A priori, é imperioso destacar que a omissão estatal acerca de investimentos ao esporte corrobora para a continuidade da situação. Segundo o filósofo John Rauls, em sua obra " Uma teoria de justiça", um governo ético é aquele que disponibiliza recursos financeiros para todos os setores públicos e, assim, promove uma igualdade de oportunidade a todos os cidadãos. Visto que o estado não investe a quantia necessária aos atletas, faz-se evidente que não cumpre com o seu papel igualitário, tornando-os desamparados. Logo, é fulcral que o cenário atual seja alterado a fim de garantir inclusão alcançando o governo ético citado por Rauls.
Outrossim, vale ressaltar que a falta de estímulo inviabiliza a melhoria da situação atual. A respeito, conclui-se que a sociedade vive a “banalização do mal”, conceito exposto pela filósofa Hannah Arendt, que seria quando uma atitude hostil ocorre constantemente, e a sociedade passa a vê-la como banal.
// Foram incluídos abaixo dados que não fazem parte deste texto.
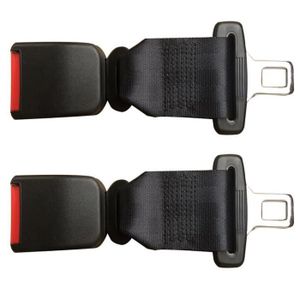 Lot de 2 rallonges de ceinture de sécurité de voiture de 25,9 cm (version  améliorée), protection pour les hommes obèses enceintes, ajustement  universel pour languette en métal de 2,2 cm, compatible : : Auto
Congruente a isso, a invisibilidade como forma de tratamento ao esporte torna normalizada a exclusão do jovem em meio a sociedade, pois segundo estudos do Science Library, 1 a cada 5 participantes das olimpíadas vieram de uma realidade periférica e obtiveram abertura através do esporte. Dessa forma, torna-se nítido o apuro do maior incentivo ao esporte a fim de oportunizar o jovem e não tornar banal sua exclusão.
Destarte, é mister medidas que amenizem a problemática, Desse modo, o ministério do esporte -órgão responsável por garantir o acesso da população ao esporte- promover políticas públicas que forneçam o devido incentivo ao esporte isso sendo feito por meio de reuniões com os governadores de cada estado, em busca da maior fiscalização. Feito isso, gradualmente romper a inércia estatal, garantindo o tratamento previsto pelas Nações unidas, deixando de ser, em breve uma utopia no Brasil.